1.5 Significance of the Study
Land, which refers to the earth’s surface extending downward to the centre of the earth and upward to infinity, including those things permanently attached by nature, such as trees and water, is an important issue in every society. This is because it affects all activities of man, be they social, cultural, economic, political religious etc.
As stated earlier in the background to this study, one problematic issue in Nigeria now is having access to urban land, especially land for housing, commercial, industrial recreational and other urban development projects. There is chronic shortage of land and extreme competition for available land, which has led to high cost of land. The land use Act was promulgated three decades ago to address these problems. There is therefore need to appraise land accessibility under the land use Act in Lagos.
This study will be significant to potential real estate investors, financial institutions, real estate surveyors and valuers, estate agents, land owners, lawyers, estate management lecturers, students of tertiary institutions, and government.
1.6 Scope of the Study
In scope, the study covers the accessibility of land in Lagos. Under the Land Use Act, the study is designed such that it identifies the land in Lagos, examine the Land Use Act, examine land accessibility in Lagos before the land use Act, appraise land accessibility in Lagos under the Land Use Act, analyse land accessibility in Lagos under the act through structured questionnaires and make conclusions and recommendation from the analyzed questionnaires. However, the research covers both the Island and Mainland of the state.
1.7 Definition of Terms
Access to urban Land: This refers to the ability to procure and possess any developable plot within an urban area. In the content of this study, it covers the period of scouting for the land, payment, conveyance and registration, before development is expected to commence. This is the stage when your right to land is secured and unchallenged. However, such land to be accessed must be available, affordable with well secure tenure which can also be transferred easily.

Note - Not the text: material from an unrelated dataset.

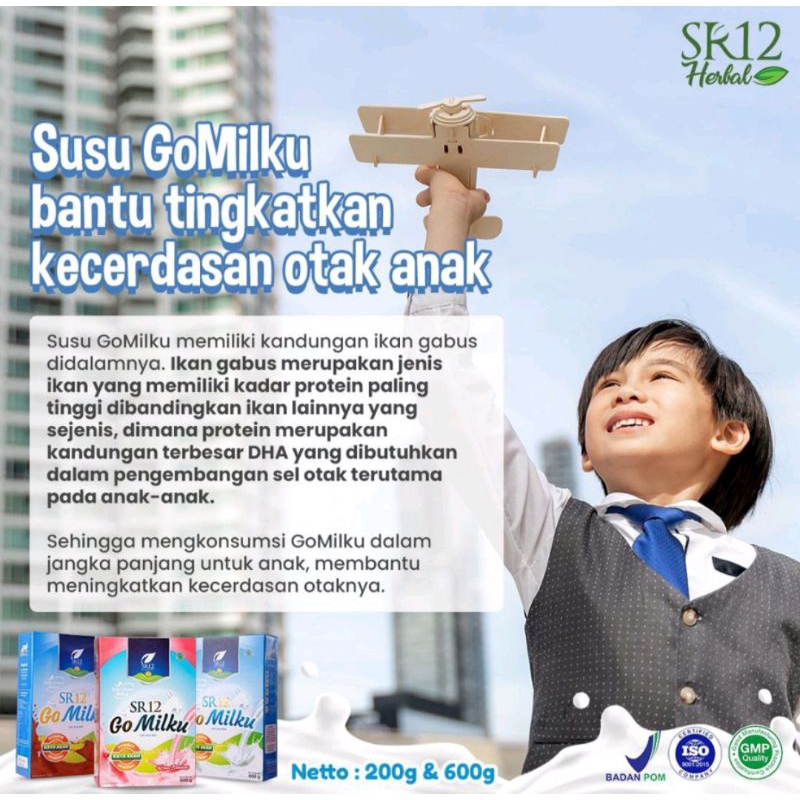 SUSU GO MILKU SR12 / Susu Kambing Etawa Bubuk Original BPOM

Certificate of Occupancy (C of O): This is a certificate issued by the governor of a state in Nigeria certifying the previous grant of statutory rights of occupancy usually through a letter of allocation/offer. As stipulated in (section 5(1) of the LUA, 1978). Or certifying the deemed grant of statutory right of occupancy under section 9. So as to exclude the local government declared all lands in the state as urban land.
Land: land is defined as the earth’s surface extending downward to the centre of the earth and upward to infinity, including those things permanently attached by nature, such as trees, water etc.
Land Use Act (L.U.A): The Land Use Act is a law promulgated in 1978 by the military government under General Olusegun Obasanjo to unify the land tenure systems of the country. It was promulgated as Land Use Decree No. 6 of 1978 with effect from 29 March 1978.
Land Use and Advisory Committee: This is a body established for each Local Government by the Act and shall have responsibility for advising the Local Government on any matter connected with the management of land within the area of jurisdiction of which the land is situated.
Land use Allocation Committee: This is a committee set up under section 2 of the land use Act to advice the governor on any matter connected with the management of urban land within the state.
Ratification Process: This is a special form of state allocation process. It is a process whereby government condones the illegality of certain squatters on government acquired lands. Such condonement can only be granted if such developed lands are not within government’s committed scheme, under high-tension power lines, within way of public infrastructure and utilities, and where the buildings and layouts do not contravene government regulations.
1.8 Plan of the Study
The study is organized into five main chapters. Chapter one presented the overview of the study. Chapter two would focus on review of relevant literature to the research. Chapter three would present the research method needed to achieve the aim and objectives of the study. Chapter four would report the empirical results and discuss the findings while chapter five would conclude the study and recommend solutions to the findings.